• _EXERCISE DETAILS_
Give back exactly the lines of the entries below from the line with "Kulap - Laguna de Los Cndores" to the line with "SOCK-WRIGHT TOOL ***-875-49-10MM", inclusive, and only those.

• _DATA EXCERPTS_

────────────────────

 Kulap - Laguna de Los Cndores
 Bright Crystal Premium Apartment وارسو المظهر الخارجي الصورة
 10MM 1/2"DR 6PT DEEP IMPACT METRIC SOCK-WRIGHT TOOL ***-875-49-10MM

────────────────────

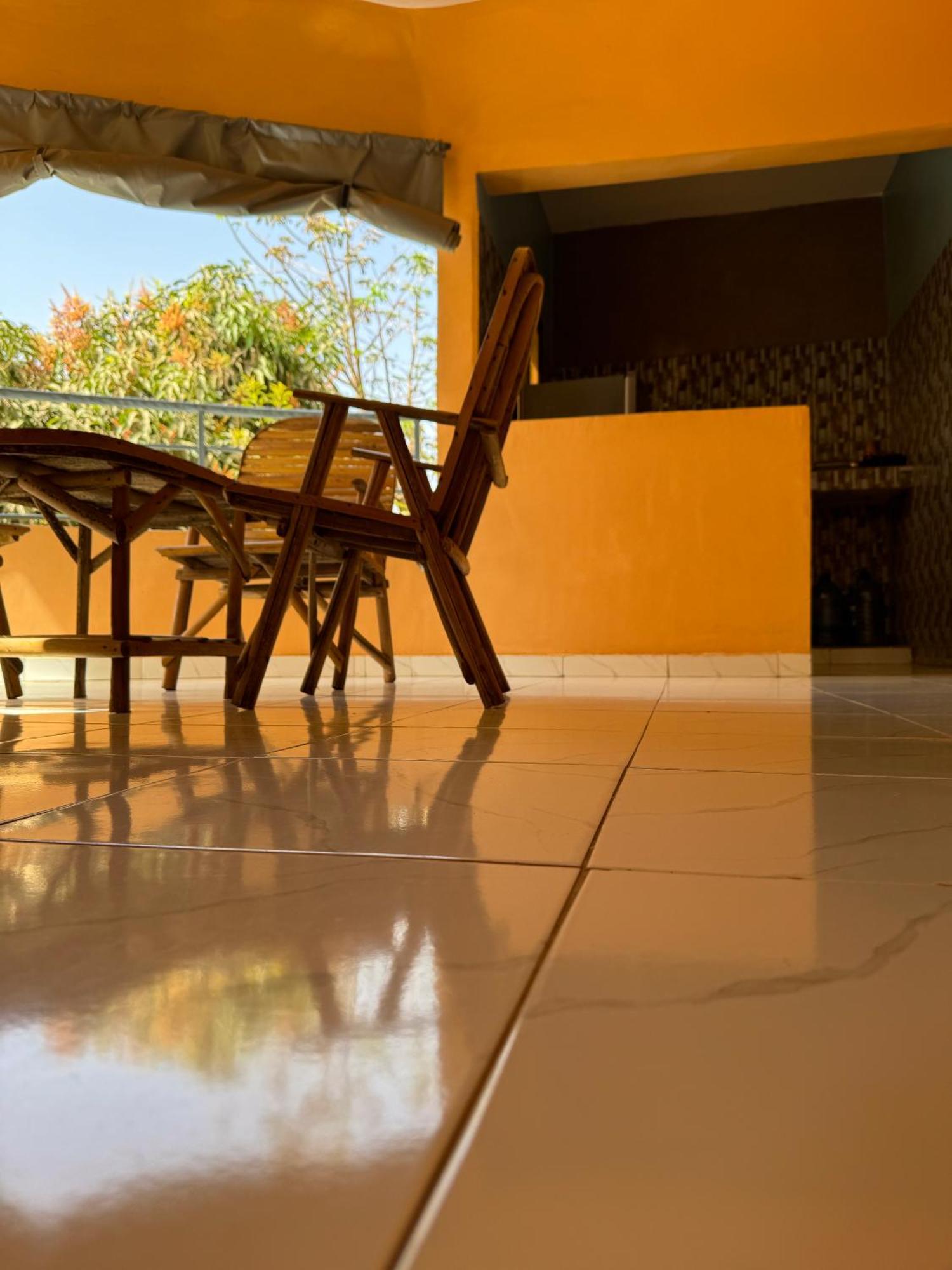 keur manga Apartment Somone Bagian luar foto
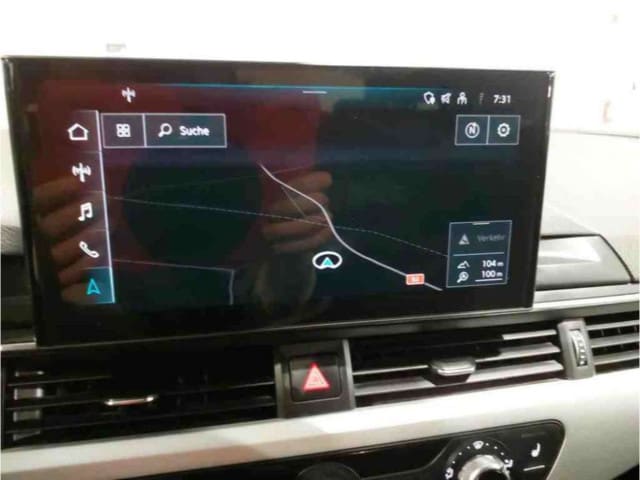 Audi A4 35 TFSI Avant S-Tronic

────────────────────

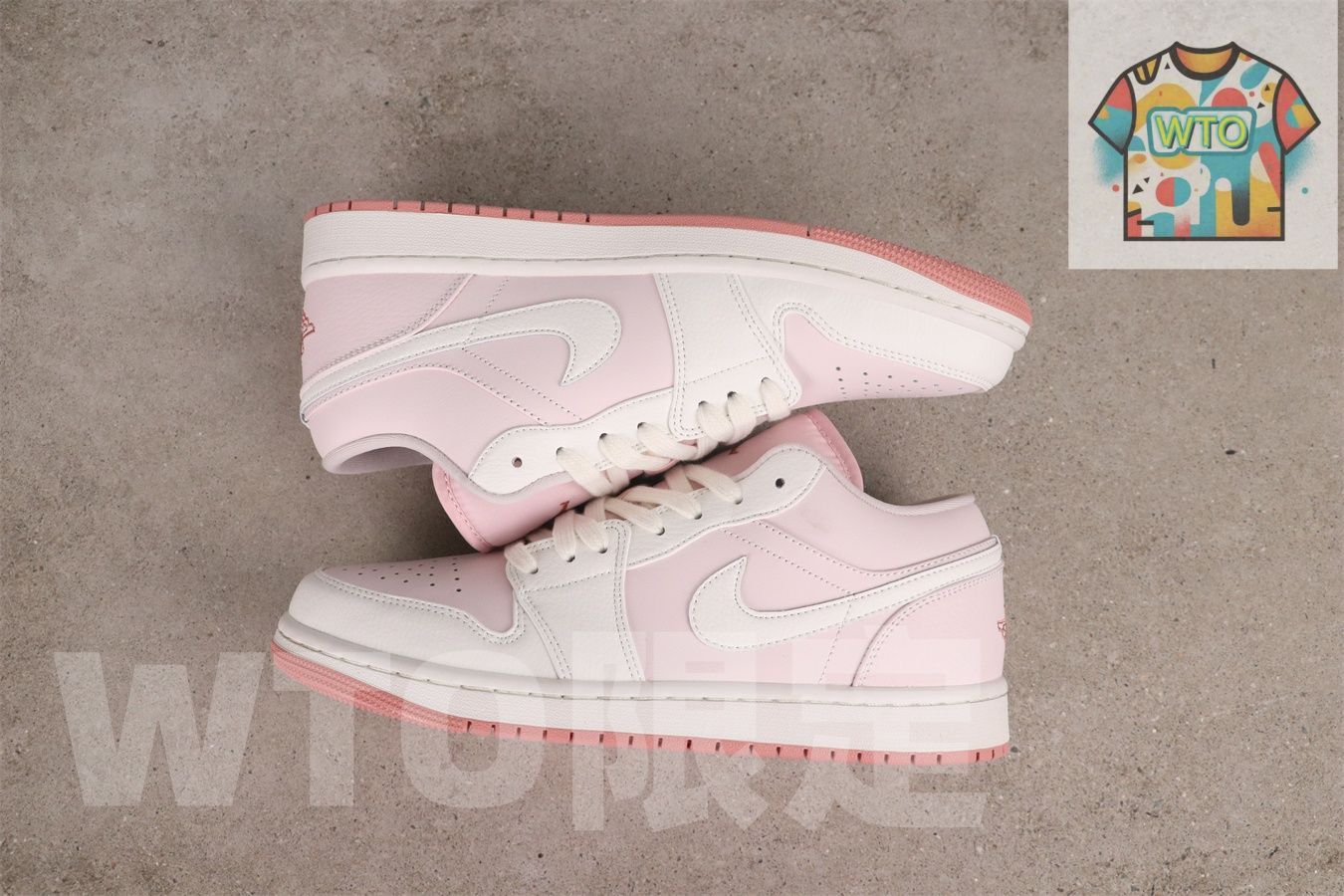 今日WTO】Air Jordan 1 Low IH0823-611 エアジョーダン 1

────────────────────

• _ANSWER TO THE EXERCISE_
 Kulap - Laguna de Los Cndores
 Bright Crystal Premium Apartment وارسو المظهر الخارجي الصورة
 10MM 1/2"DR 6PT DEEP IMPACT METRIC SOCK-WRIGHT TOOL ***-875-49-10MM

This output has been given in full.